### EXERCISE INSTRUCTIONS
The copy must match the data below line for line and contain no images.

### SUPPLIED DATA
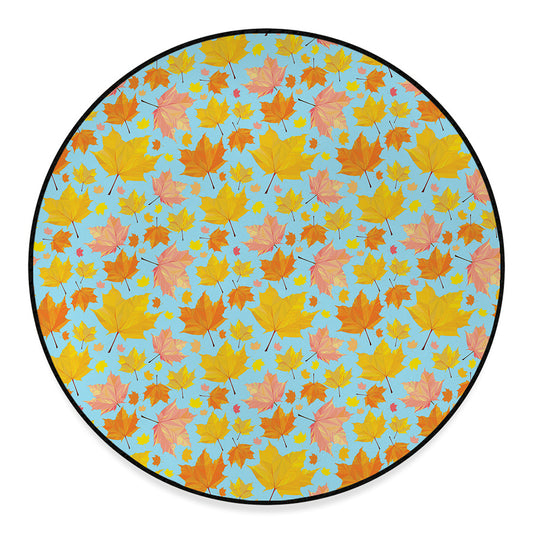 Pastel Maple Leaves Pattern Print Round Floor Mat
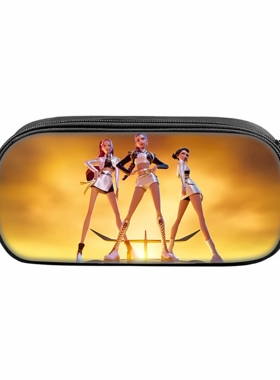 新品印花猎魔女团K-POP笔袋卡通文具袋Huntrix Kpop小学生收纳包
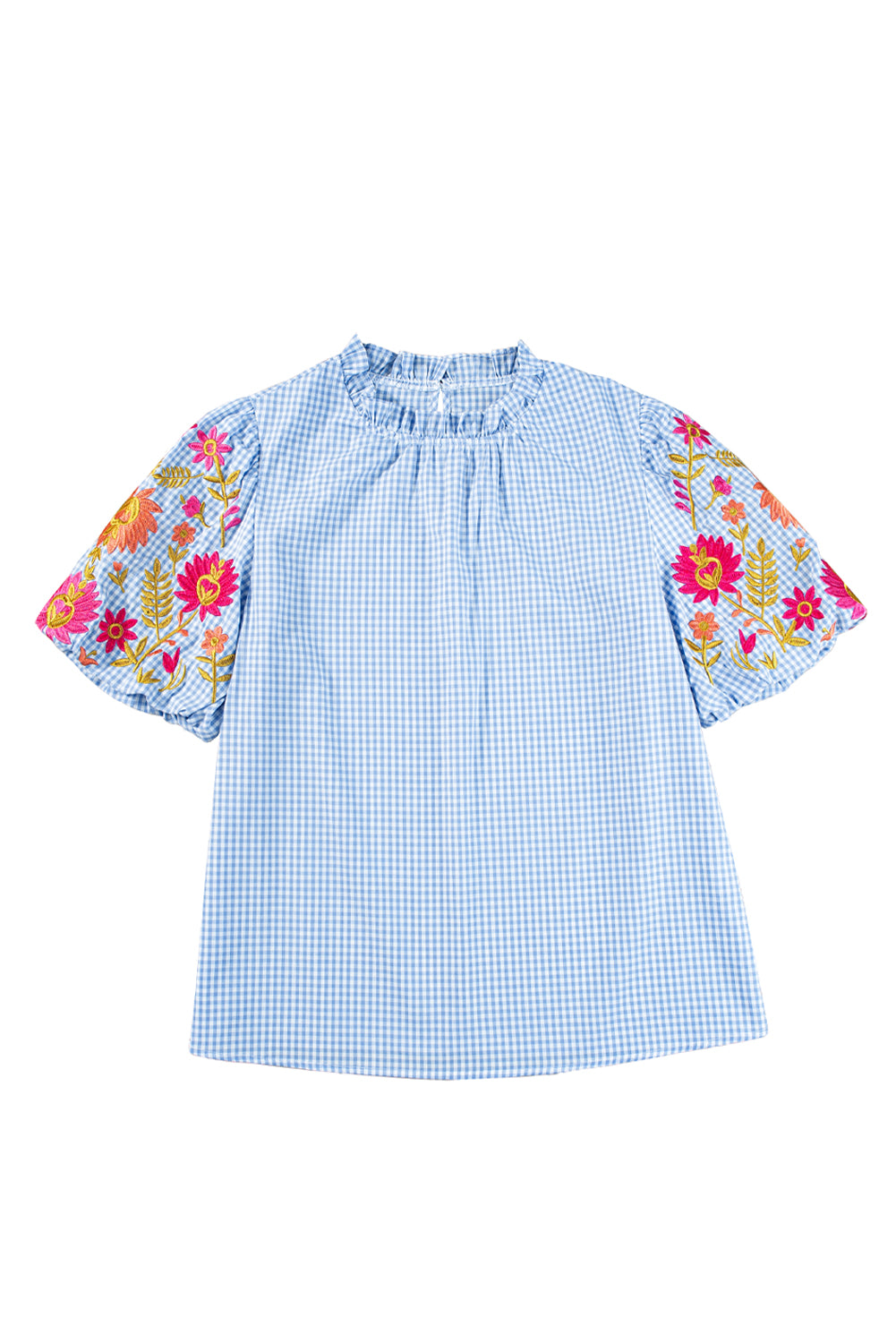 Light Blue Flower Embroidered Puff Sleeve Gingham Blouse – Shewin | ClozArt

### EXERCISE SOLUTION
 Pastel Maple Leaves Pattern Print Round Floor Mat
 新品印花猎魔女团K-POP笔袋卡通文具袋Huntrix Kpop小学生收纳包
 Light Blue Flower Embroidered Puff Sleeve Gingham Blouse – Shewin | ClozArt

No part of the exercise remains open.